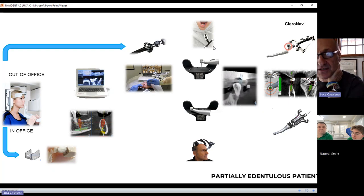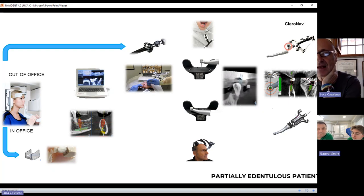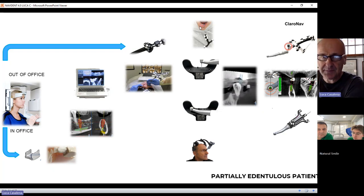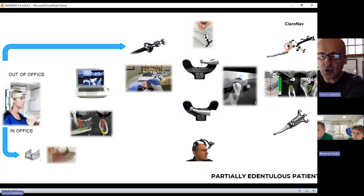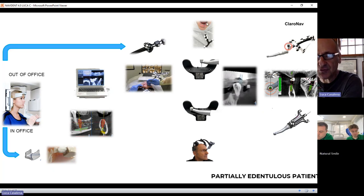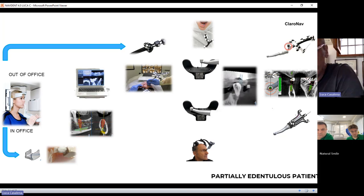What are these optical targets? There are a couple of options. One, like this one, you can light-cure with flow composite. Or there is another one, U-shaped, where you can put liquid silicone for registration. You let it dry, then use it to anchor the optical target on the patient's jaw.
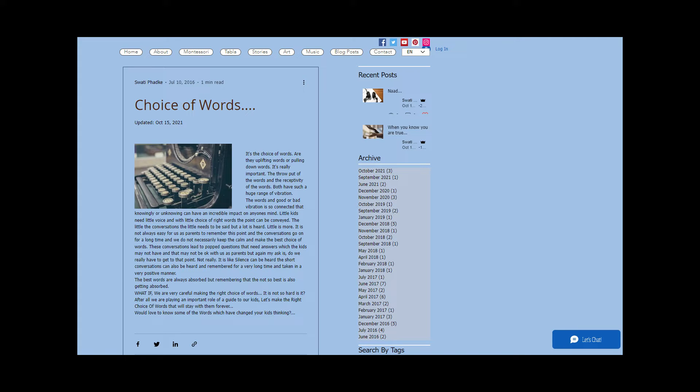Little kids need little voice. With little choice of right words, the point can be conveyed. The little conversations, the little needs to be said, but a lot is heard. Little is more.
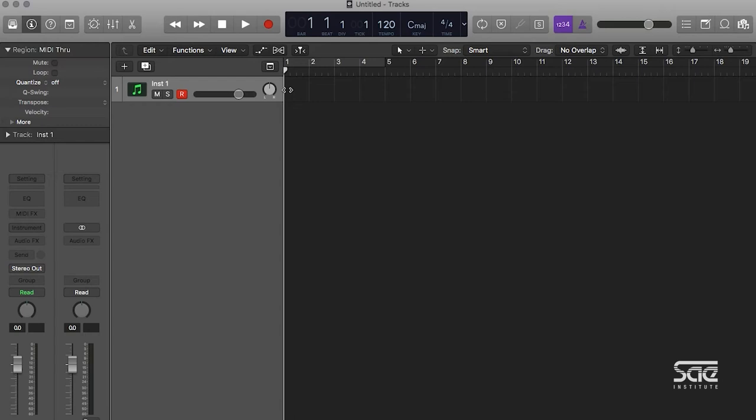and as we go forward horizontally, it's going to show us the audio over time. And then vertically, we're going to have a layout of our tracks stacked up like this.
################
- PROBLEM -
From the first line to the last, please copy the data exactly, with the pictures left out.

- SOLVED EXERCISE -
What are these optical targets? There are a couple of options. One, like this one, you can light-cure with flow composite. Or there is another one, U-shaped, where you can put liquid silicone for registration. You let it dry, then use it to anchor the optical target on the patient's jaw.
Little kids need little voice. With little choice of right words, the point can be conveyed. The little conversations, the little needs to be said, but a lot is heard. Little is more.
and as we go forward horizontally, it's going to show us the audio over time. And then vertically, we're going to have a layout of our tracks stacked up like this.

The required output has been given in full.